Task inputs =
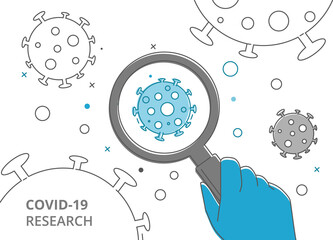 A hand in a medical glove holds a magnifying glass. Finds a new strain of coronavirus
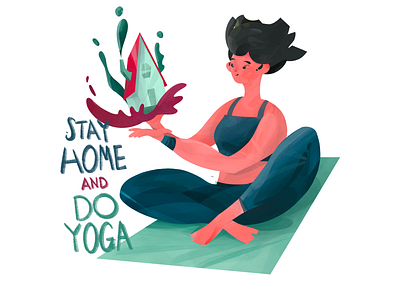 Stay Home and Do Yoga anilemmiler corona coronavirus digital art home illustration illustration art procreate stayhome yoga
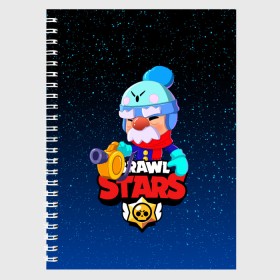 Тетрадь с принтом BRAWL STARS GALE , 100% бумага | 48 листов, плотность листов — 60 г/м2, плотность картонной обложки — 250 г/м2. Листы скреплены сбоку удобной пружинной спиралью. Уголки страниц и обложки скругленные. Цвет линий — светло-серый
 | Тематика изображения на принте: bibi | brawl stars | coach mike | crow | gale | leon | leon shark | max | mecha crow | mortis | mr.p | phoenix | sally leon | sandy | spike | sprout | tara | unicorn | virus 8 bit | werewolf | ворон | оборотень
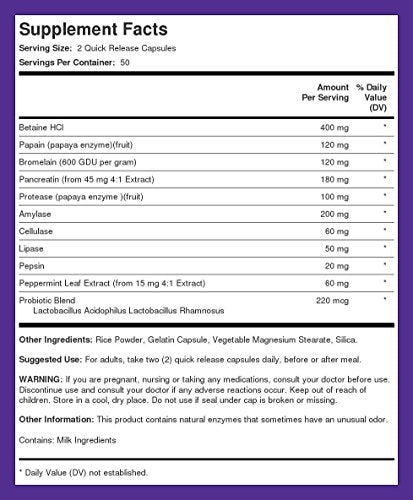 Piping Rock ingredient label close-up highlighting enzymes and probiotics.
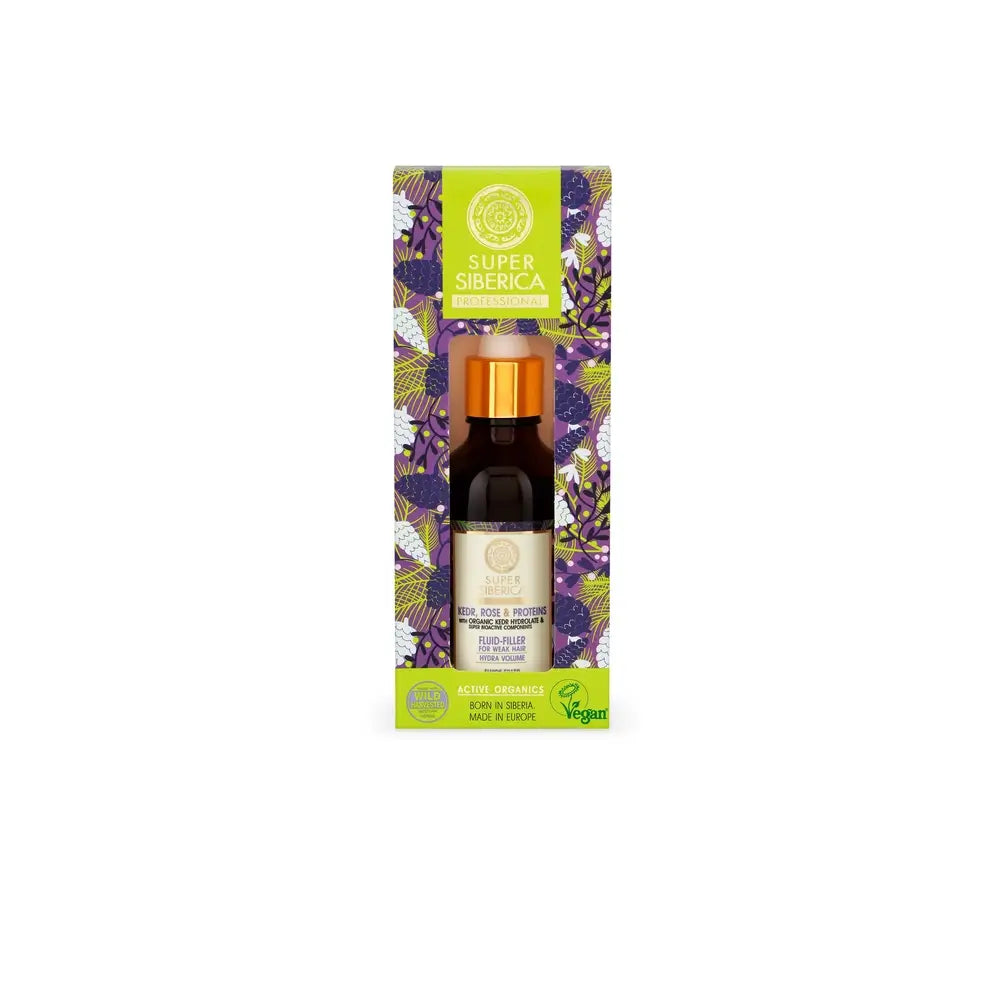 Agafja Fluido rimpolpante per capelli Pino, Rosa e Proteine, per capelli deboli, 50ml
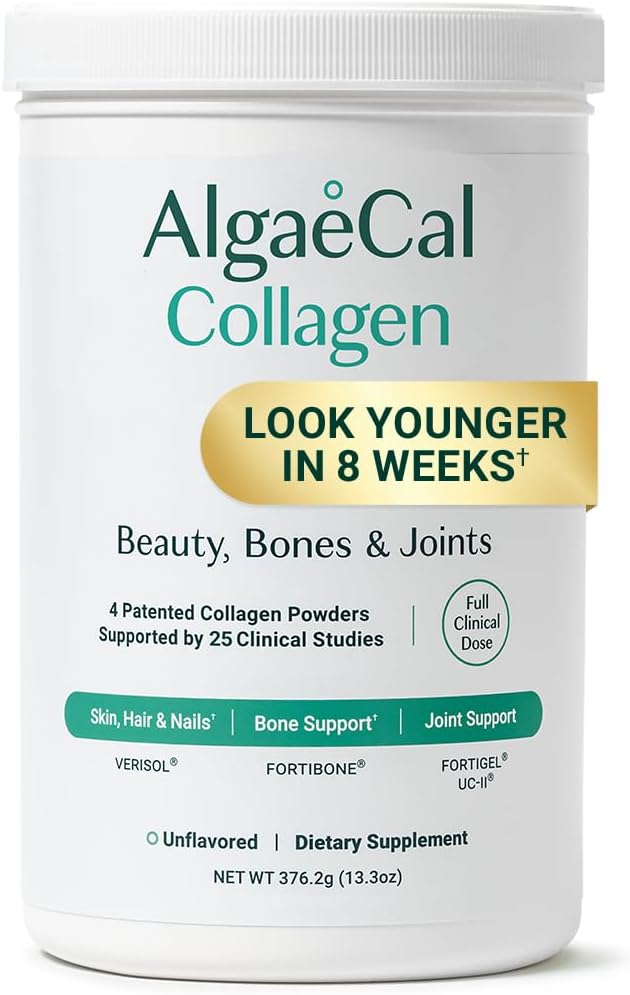 ALGAECAL Collagen: 4 Clinically-Supported Peptides VERISOL® FORTIGEL® UC-II® FORTIBONE® Anti-Aging Hydrolyzed Collagen Powder 30 Servings Made in USA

Exercise =
Each record above has to be written out again in full, but its pictures must not be.

Task response =
 A hand in a medical glove holds a magnifying glass. Finds a new strain of coronavirus
 Stay Home and Do Yoga anilemmiler corona coronavirus digital art home illustration illustration art procreate stayhome yoga
 Тетрадь с принтом BRAWL STARS GALE , 100% бумага | 48 листов, плотность листов — 60 г/м2, плотность картонной обложки — 250 г/м2. Листы скреплены сбоку удобной пружинной спиралью. Уголки страниц и обложки скругленные. Цвет линий — светло-серый
 | Тематика изображения на принте: bibi | brawl stars | coach mike | crow | gale | leon | leon shark | max | mecha crow | mortis | mr.p | phoenix | sally leon | sandy | spike | sprout | tara | unicorn | virus 8 bit | werewolf | ворон | оборотень
 Piping Rock ingredient label close-up highlighting enzymes and probiotics.
 Agafja Fluido rimpolpante per capelli Pino, Rosa e Proteine, per capelli deboli, 50ml
 ALGAECAL Collagen: 4 Clinically-Supported Peptides VERISOL® FORTIGEL® UC-II® FORTIBONE® Anti-Aging Hydrolyzed Collagen Powder 30 Servings Made in USA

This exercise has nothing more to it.